It’s been a busy week on the food front: The anti-biotech crowd successfully stymied further progress in European agriculture technology. Nutrition nanny Kelly Brownell declared that he’s not ready to give up on the wildly unpopular “obesity tax.” The Village Voice called animal rights activists out on a fatty liver conspiracy claim. And we put a new study about dietary history in perspective by flipping through the 1953 edition of a classic cookbook. But that’s not all that happened this week in food fights.
On the obesity front, Mel Tuttle sounded off in North Carolina’s News and Observer after a nurse called attention to her daughter’s body mass index (BMI):
Excuse me? Did you really just say that my 4-year-old daughter is fat?…
Perhaps instead of focusing so much on the obesity rate we should focus our attention on teaching all kids how to be healthy by making good food choices, exercising regularly, and most importantly, loving themselves for who they are.
Using BMI to tell me my daughter is overweight is ludicrous to me.

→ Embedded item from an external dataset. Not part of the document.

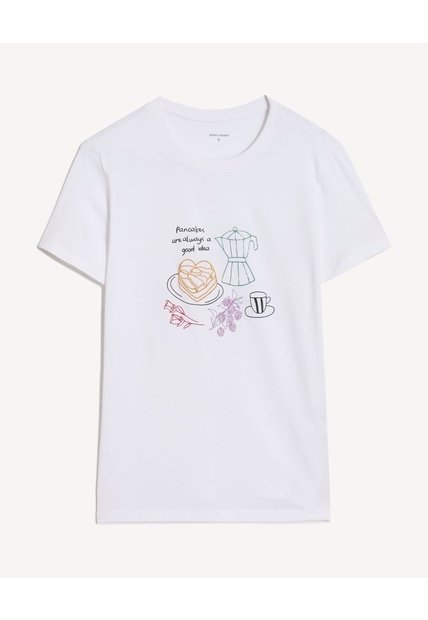 Camiseta Estampada Pancakes  Para Mujer Crudo Seven Seven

Ludicrous to us, too. The BMI — a simplistic measure of height and weight that many use to classify people’s health — ignores muscle mass. Meaning Tuttle’s children could be as fit as Brad Pitt or as athletic as LeBron James and still be considered overweight or obese.
Across the pond, British officials sought to escort people around supermarkets in order to point out what they should’t be eating. But the health bosses ran into a small problem: No one showed up.
Susie Squire, of the TaxPayers’ Alliance, said:
This is a ridiculous waste of taxpayers’ money and a prime example of government nannying.
Judging from the level of public interest, there is neither demand nor need for this expensive gimmick and some serious questions need to be asked about the spending priorities of this PCT.
At a time when taxpayers can’t get doctor’s appointments and the right cancer drugs, to fritter away precious funds on such a patronising and pointless initiative is a disgrace.
Meanwhile, Professor Michael Crawford, the Director of the Institute of Brain Chemistry and Human Nutrition in London, spoke in Dublin on the importance of eating seafood for good health. Crawford joined a growing list of scientific experts who have stressed the importance of omega-3 fatty acids and selenium for a healthy brain. The Irish Times reported:
"The brain is made up of essential fats you can’t make, so you have got to get them in your food," says Professor Crawford…
He advised pregnant women to eat “anything from the sea and rivers” to boost their omega-3 intake, and recommended eating foods rich in the fatty acids rather than taking supplements. “Fish and seafood is not just fish oil, it contains other nutrients, particularly trace elements like manganese and selenium that are so important for brain development.”
In the weeks to come, we can expect that dietary activists will continue to push for soda taxes, foie gras bans, and other misguided measures in order to advance their food agendas. When they do, let’s hope that scientists like Crawford–and citizens like Tuttle and Squire–will keep pushing back.